*Problem statement*:
Given these entries, repeat exactly the lines starting with the one that has "RC Warship 26.7" and going on through the one that has "MATLAB Loop Statements", both included, but none of the pictures.

*Working data*:
-.-.-
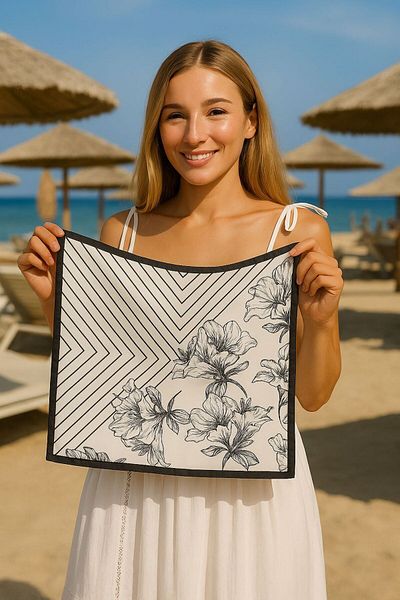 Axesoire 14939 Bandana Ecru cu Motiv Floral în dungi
-.-.-
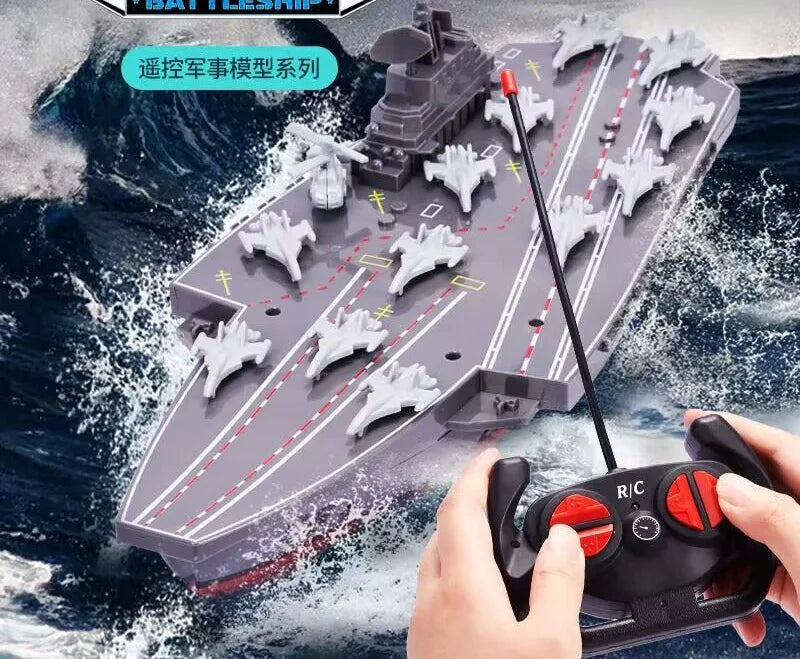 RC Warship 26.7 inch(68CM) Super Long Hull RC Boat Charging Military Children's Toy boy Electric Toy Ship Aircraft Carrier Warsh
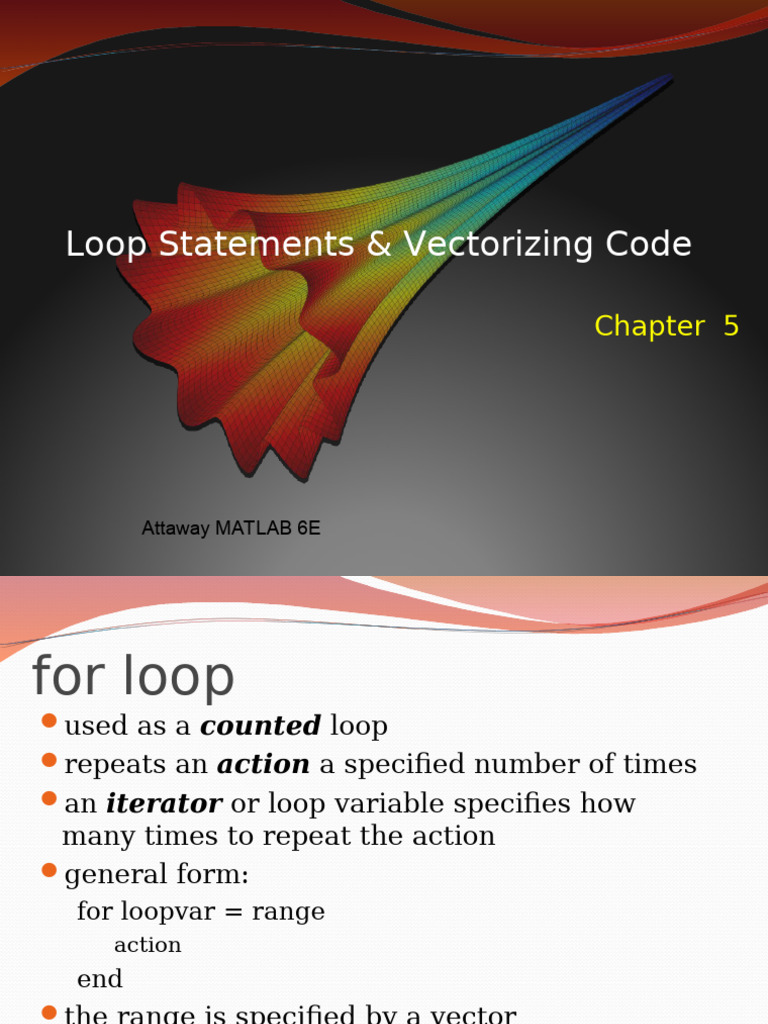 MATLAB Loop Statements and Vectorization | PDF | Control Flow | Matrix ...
-.-.-
*Response area*:
 RC Warship 26.7 inch(68CM) Super Long Hull RC Boat Charging Military Children's Toy boy Electric Toy Ship Aircraft Carrier Warsh
 MATLAB Loop Statements and Vectorization | PDF | Control Flow | Matrix ...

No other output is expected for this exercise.